HDU 1076 An Easy Task

An Easy Task

Time Limit:1000MS     Memory Limit:32768KB     64bit IO Format:%I64d & %I64u

Submit   Status

 

 

Description

Ignatius was born in a leap year, so he want to know when he could hold his birthday party. Can you tell him?  

Given a positive integers Y which indicate the start year, and a positive integer N, your task is to tell the Nth leap year from year Y.  

Note: if year Y is a leap year, then the 1st leap year is year Y.  

 

Input

The input contains several test cases.
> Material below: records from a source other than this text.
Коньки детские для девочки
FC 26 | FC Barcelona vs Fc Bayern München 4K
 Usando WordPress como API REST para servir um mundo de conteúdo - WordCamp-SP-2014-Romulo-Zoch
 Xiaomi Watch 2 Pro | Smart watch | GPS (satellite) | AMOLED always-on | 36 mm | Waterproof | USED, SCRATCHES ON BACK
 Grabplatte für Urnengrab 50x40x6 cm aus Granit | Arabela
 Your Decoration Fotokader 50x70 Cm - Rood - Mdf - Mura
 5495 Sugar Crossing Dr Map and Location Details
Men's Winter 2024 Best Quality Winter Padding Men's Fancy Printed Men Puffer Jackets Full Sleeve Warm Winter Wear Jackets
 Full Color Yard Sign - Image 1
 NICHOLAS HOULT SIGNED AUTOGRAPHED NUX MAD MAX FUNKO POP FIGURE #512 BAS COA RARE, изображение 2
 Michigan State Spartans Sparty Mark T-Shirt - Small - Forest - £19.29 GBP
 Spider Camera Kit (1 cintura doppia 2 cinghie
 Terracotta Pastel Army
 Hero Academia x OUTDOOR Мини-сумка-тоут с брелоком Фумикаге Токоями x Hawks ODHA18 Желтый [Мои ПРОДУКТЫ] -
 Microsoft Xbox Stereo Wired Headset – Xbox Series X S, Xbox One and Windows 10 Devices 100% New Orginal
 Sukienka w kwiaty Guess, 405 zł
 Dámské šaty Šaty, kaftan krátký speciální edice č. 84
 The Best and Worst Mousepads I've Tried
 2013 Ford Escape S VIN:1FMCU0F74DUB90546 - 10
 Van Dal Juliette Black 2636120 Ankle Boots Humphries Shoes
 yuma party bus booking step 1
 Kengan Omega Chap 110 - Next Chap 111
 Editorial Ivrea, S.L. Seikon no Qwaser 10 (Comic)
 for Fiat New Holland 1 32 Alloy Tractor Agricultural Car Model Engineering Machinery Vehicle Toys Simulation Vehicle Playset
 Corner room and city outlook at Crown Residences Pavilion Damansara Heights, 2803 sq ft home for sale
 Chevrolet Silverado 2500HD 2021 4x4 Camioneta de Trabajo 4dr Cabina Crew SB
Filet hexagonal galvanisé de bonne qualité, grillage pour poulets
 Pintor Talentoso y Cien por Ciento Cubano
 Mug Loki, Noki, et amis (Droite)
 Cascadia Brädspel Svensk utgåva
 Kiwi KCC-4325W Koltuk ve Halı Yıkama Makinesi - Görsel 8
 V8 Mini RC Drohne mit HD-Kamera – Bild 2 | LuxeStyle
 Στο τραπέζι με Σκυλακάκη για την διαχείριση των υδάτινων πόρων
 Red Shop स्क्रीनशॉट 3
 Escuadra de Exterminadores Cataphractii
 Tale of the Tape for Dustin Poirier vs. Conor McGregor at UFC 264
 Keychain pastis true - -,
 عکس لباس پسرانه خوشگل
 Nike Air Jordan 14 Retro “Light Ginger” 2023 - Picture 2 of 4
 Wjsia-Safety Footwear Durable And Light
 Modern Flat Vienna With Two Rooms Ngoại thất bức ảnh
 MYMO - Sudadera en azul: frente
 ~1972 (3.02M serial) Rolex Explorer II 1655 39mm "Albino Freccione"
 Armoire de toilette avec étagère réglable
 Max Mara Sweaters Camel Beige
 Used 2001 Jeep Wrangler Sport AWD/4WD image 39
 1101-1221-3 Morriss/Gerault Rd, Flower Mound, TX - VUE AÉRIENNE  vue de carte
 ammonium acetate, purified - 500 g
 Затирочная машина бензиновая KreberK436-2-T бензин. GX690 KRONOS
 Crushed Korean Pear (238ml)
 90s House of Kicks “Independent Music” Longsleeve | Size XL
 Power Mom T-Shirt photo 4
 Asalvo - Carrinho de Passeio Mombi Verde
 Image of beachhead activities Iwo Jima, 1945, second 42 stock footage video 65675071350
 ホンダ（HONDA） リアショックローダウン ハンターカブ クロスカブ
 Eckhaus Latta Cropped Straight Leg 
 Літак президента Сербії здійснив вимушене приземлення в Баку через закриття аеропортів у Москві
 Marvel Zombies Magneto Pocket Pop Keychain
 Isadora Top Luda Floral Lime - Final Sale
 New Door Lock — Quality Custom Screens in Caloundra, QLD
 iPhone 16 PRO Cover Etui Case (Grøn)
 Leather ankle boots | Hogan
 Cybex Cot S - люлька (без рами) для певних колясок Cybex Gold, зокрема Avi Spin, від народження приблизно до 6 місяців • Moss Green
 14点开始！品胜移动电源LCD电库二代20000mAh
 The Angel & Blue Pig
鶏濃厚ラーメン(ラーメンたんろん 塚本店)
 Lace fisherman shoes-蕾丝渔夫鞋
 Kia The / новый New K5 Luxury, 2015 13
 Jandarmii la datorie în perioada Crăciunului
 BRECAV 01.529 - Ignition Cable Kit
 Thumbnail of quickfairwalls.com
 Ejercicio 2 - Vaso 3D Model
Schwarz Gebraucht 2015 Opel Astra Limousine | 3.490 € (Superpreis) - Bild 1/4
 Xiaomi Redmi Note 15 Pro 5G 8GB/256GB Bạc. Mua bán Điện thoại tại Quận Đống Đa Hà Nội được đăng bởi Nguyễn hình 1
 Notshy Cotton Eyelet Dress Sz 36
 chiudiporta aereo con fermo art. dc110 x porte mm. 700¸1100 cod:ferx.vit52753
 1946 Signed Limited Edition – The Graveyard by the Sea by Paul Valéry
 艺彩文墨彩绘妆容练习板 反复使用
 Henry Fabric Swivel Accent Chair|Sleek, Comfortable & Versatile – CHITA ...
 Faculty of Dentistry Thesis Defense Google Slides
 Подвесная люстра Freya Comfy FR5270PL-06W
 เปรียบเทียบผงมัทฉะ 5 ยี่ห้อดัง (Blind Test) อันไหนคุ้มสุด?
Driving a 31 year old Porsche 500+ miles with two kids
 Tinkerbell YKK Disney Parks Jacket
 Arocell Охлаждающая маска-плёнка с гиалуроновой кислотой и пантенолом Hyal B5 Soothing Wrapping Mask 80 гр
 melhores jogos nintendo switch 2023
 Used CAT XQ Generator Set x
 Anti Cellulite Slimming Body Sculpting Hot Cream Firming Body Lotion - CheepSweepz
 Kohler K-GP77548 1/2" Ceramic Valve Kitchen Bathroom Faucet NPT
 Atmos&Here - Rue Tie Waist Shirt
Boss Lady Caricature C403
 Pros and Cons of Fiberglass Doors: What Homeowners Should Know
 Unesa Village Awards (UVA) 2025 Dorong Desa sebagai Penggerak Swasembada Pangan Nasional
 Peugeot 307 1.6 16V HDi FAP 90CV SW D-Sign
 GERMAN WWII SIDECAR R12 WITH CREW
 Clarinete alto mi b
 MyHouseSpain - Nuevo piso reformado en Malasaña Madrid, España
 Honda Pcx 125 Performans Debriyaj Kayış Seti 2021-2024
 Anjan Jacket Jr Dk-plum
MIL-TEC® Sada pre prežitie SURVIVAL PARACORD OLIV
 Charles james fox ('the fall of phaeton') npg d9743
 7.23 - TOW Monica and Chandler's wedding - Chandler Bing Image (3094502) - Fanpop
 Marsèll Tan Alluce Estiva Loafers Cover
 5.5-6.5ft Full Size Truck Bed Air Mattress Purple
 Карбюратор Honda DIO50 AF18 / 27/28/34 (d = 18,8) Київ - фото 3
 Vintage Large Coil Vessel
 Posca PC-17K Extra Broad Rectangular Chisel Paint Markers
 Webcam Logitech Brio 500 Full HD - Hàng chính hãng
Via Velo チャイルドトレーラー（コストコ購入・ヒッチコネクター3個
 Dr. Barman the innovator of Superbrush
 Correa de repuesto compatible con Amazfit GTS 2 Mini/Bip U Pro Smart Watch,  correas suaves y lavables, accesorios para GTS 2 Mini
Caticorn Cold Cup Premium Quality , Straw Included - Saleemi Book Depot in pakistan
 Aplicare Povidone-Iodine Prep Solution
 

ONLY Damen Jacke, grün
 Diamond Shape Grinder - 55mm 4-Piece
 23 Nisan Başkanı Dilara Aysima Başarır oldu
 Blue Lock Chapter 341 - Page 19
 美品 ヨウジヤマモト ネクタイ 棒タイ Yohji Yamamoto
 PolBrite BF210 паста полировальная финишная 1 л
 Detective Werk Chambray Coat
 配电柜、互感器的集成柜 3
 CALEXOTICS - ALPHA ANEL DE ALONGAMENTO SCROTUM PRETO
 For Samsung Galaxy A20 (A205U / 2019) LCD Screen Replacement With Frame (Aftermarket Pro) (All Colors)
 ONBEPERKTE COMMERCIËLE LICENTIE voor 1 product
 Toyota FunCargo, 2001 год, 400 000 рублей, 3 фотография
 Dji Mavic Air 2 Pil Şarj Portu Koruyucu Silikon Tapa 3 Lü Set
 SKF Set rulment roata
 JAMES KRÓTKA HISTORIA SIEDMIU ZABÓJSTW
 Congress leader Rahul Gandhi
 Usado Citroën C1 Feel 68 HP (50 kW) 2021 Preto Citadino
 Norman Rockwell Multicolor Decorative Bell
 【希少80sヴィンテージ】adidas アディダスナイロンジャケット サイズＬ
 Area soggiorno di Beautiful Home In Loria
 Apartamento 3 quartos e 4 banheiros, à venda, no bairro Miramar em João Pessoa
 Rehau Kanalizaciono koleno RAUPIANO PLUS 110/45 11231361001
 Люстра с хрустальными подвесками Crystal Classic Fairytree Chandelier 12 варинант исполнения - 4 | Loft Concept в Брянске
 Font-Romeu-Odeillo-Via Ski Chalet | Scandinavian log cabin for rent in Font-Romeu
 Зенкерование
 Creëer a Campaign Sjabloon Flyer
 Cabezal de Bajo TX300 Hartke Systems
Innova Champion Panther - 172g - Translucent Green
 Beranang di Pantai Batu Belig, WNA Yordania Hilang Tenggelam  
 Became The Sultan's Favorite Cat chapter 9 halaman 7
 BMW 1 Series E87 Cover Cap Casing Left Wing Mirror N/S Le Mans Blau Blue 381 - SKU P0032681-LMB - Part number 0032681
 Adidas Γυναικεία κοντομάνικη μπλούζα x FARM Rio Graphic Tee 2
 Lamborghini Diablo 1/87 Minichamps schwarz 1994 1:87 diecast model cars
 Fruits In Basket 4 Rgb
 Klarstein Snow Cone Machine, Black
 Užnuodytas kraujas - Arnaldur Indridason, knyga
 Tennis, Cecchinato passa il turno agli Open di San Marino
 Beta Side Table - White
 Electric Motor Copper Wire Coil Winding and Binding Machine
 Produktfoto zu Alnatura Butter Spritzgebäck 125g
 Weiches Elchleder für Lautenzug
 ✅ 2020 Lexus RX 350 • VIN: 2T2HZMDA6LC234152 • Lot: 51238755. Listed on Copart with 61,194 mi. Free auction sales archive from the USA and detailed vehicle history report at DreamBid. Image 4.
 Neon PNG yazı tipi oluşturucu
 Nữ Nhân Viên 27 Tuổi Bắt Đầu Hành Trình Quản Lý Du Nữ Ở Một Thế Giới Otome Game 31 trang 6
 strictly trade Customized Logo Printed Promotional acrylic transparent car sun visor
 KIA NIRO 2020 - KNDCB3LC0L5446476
The first line of the input is a single integer T which is the number of test cases. T test cases follow.  
Each test case contains two positive integers Y and N(1<=N<=10000).  

 

Output

For each test case, you should output the Nth leap year from year Y.  

 

Sample Input

     

      3
2005 25
1855 12
2004 10000 
     

 

Sample Output

     

      2108
1904
43236 
     

Hint

 We call year Y a leap year only if (Y%4==0 && Y%100!=0) or Y%400==0. 
         

 

分析

对每个年份进行判定，跑一次循环即可。

 

AC代码如下：

#include <cstdio>
#include <cstring>
#include <algorithm>

using namespace std;

bool isleapyear(int n)
{
    if(n%400 == 0) return true;
    if(n%100 != 0 && n % 4 == 0) return true;
    return false;
}

int main()
{
    int t,y,n;
    scanf("%d",&t);
    while(t--)
    {
        int ans = 0;
        scanf("%d%d",&y,&n);
        if(isleapyear(y)) ans++;
        int yu = y%4;
        y += 4 - yu;                   //对第一个对4%==0的年份进行判定
        if(isleapyear(y)) ans++;
        while(ans < n)
        {
            y += 4;
            if(isleapyear(y)) ans++;   //对每个年份判定
        }
        printf("%d\n",y);
    }
    return 0;
}